Kristof was quickly followed by Eric Alterman’s piece about a dinner party he attended in Manhattan – an island in New York that’s filled with famous and really smart people who work for important publications read by all thinking Americans – hosted by comedian Al Franken. At what sounds like a parody of an Ann Coulter one-liner, the party was attended by writers, historians and famous journalists. Past and present New Yorker writer ‘Rick Hertzberg’ and artist ‘Art Speigelman’ get special mention but no formal introduction because, of course we all know them. This group was treated to the “spontaneous” thoughts of Democratic Presidential hopeful and Dean rival Sen. John Kerry. Marriage must have really changed Kerry. Back when I was covering the Senate Commerce Committee the only guy who was more of a stiff than Kerry was then-Sen. Al Gore.
But here’s what was really amazing about Alterman’s account of the dinner: It’s utter lack of regard for the completeness of its hermetically sealed tone. The whole account reads like a parody of the accusation Republicans used to lob at the opposite party. They’d talk about “Georgetown” Democrats and “limousine liberals” saying they were a bunch of elitists who only listened to the sound of their own voices. Yeah. Well. I guess everything comes true given enough time. Alterman’s piece was embarrassing and I say that as a life-long registered Democrat and card-carrying Ivy-league prep-school educated media elitist.

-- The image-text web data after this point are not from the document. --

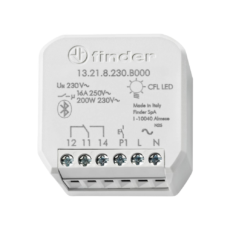 Finder YESLY 13.21.8.230.B000 aktuator relej bluetooth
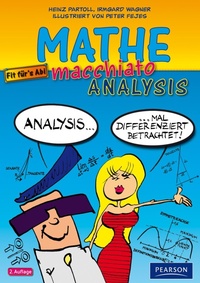 Enlarge image Cover: Mathe macchiato Analysis - Pearson Education DE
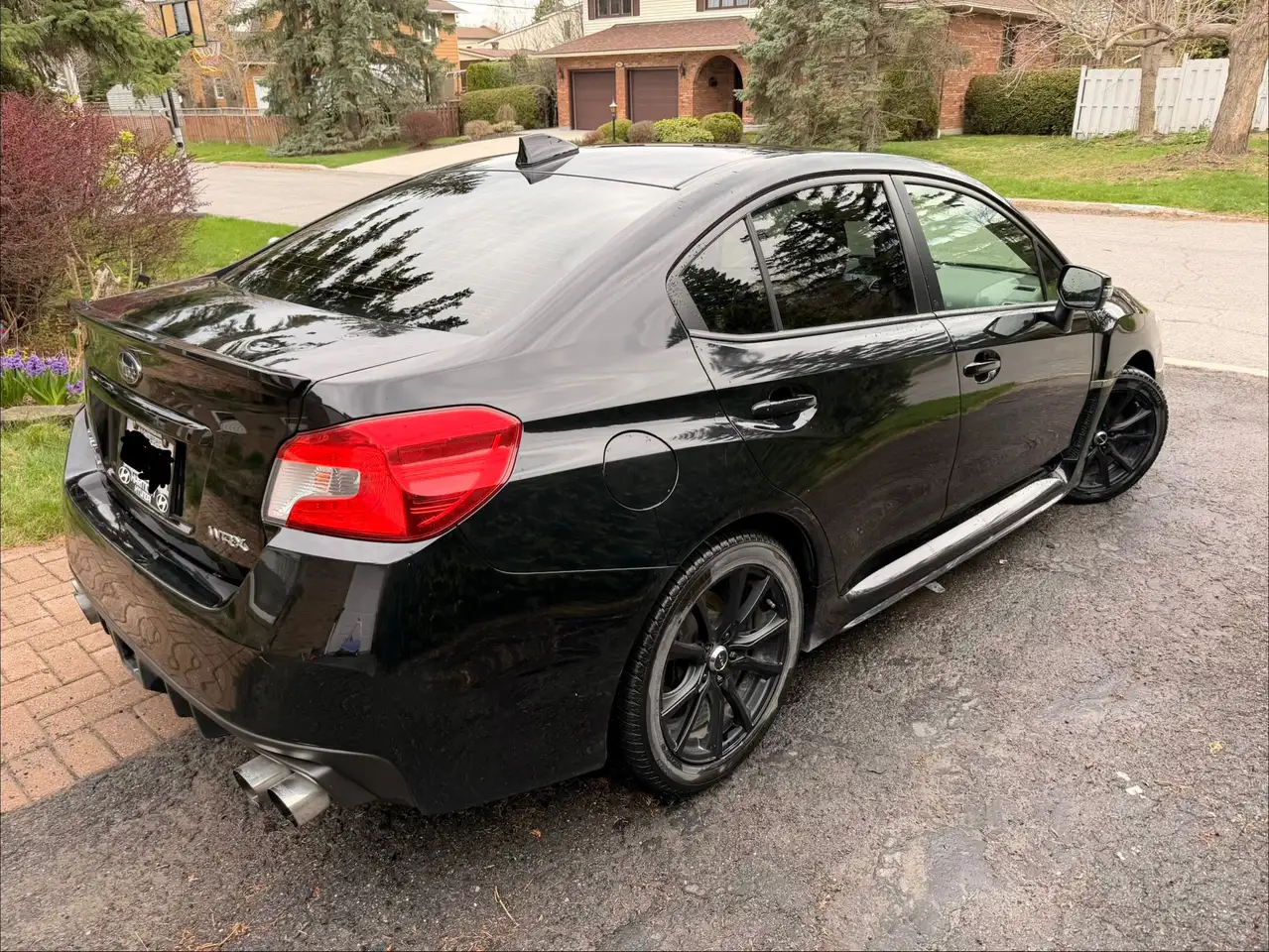 Subaru WRX снимка Subaru WRX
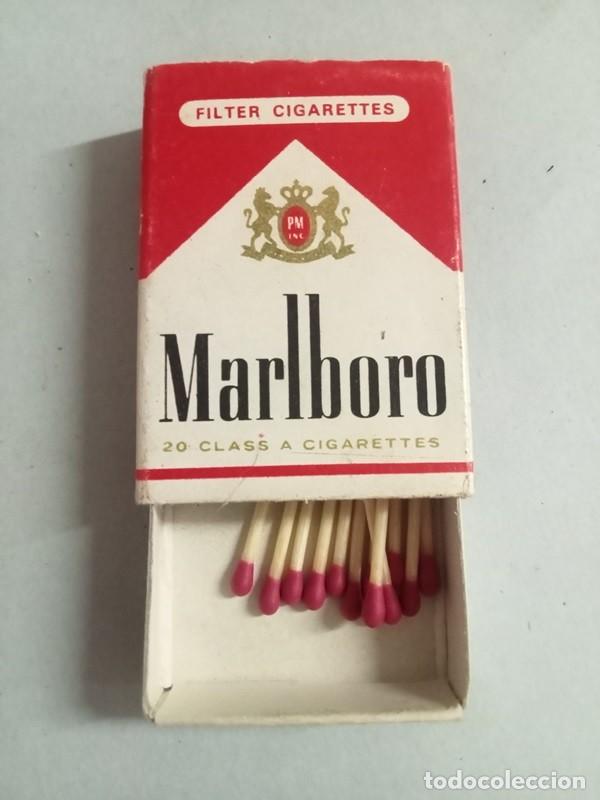 Cajas de cerillas: CAJA DE CERILLAS Marlboro - Foto 2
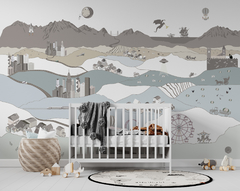 Mural Infantil 29 - comprar online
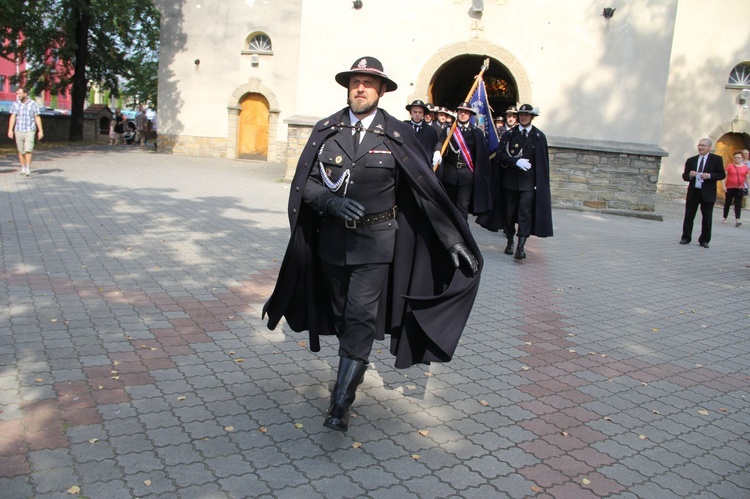 Łącko. 130 lat OSP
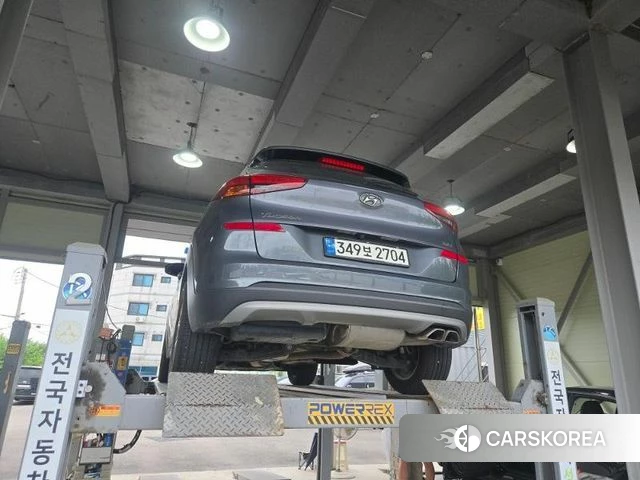 Hyundai All New Tucson 2018 Серый из Кореи, фото 2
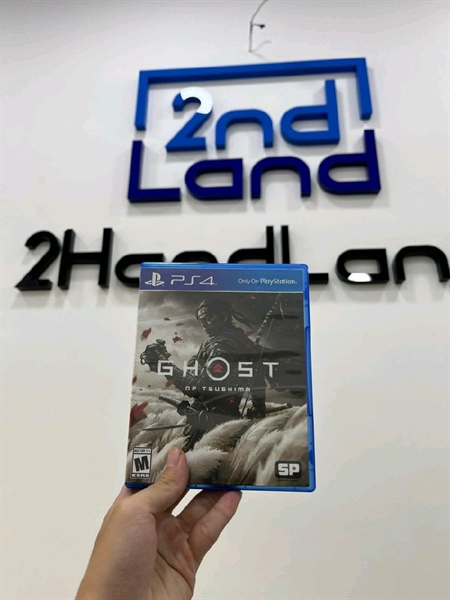 Đĩa game PS4 - Ghost Of Tsushima - Kèm hộp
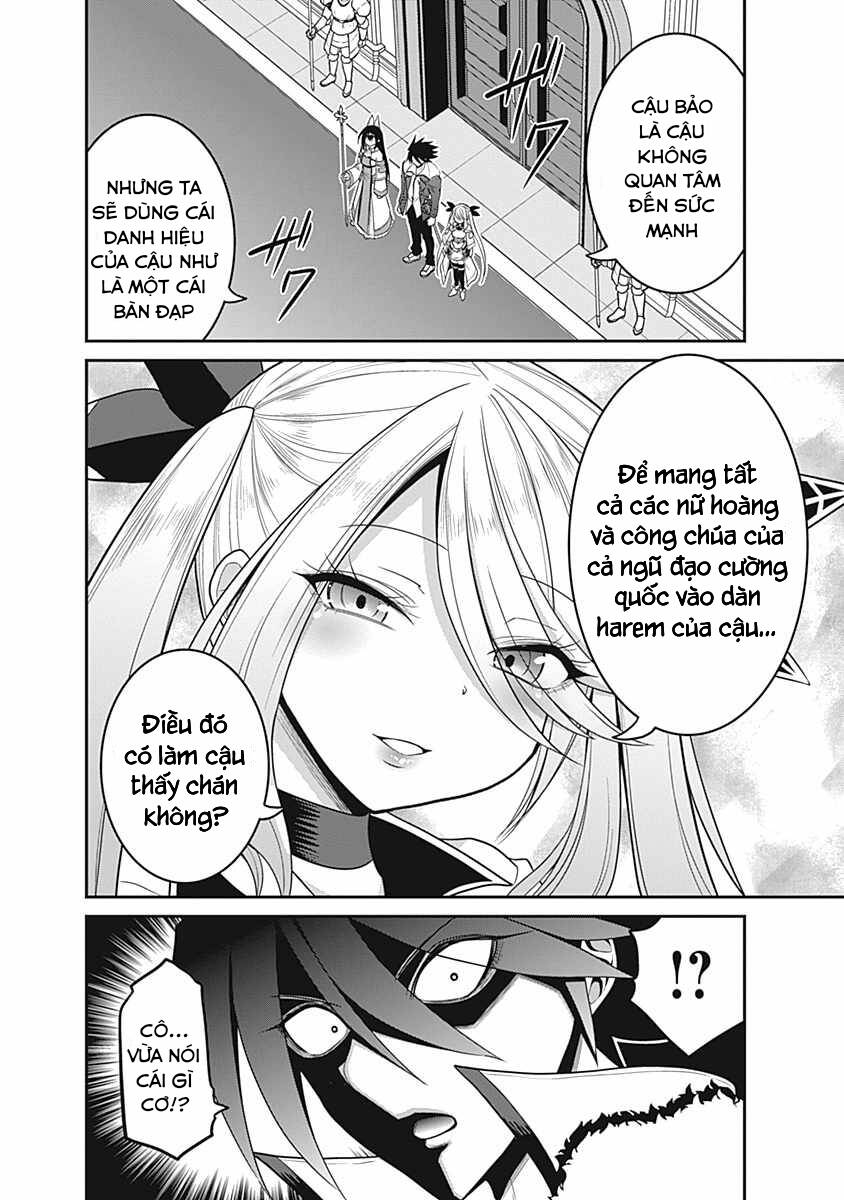 kujibiki tokushou: musou hāremu ken chapter 51 29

Just as Alterman took great pains to talk about the diversity of opinion in the room with Kerry, Kristof was very solicitous of the young people working for Dean. He didn’t want to see them become as disillusioned as he did when, as a 13-year-old, he campaigned for McGovern. That same caring and nurturing of the politically naïve, colors the NYTimes Sunday Magazine piece on the Dean campaign.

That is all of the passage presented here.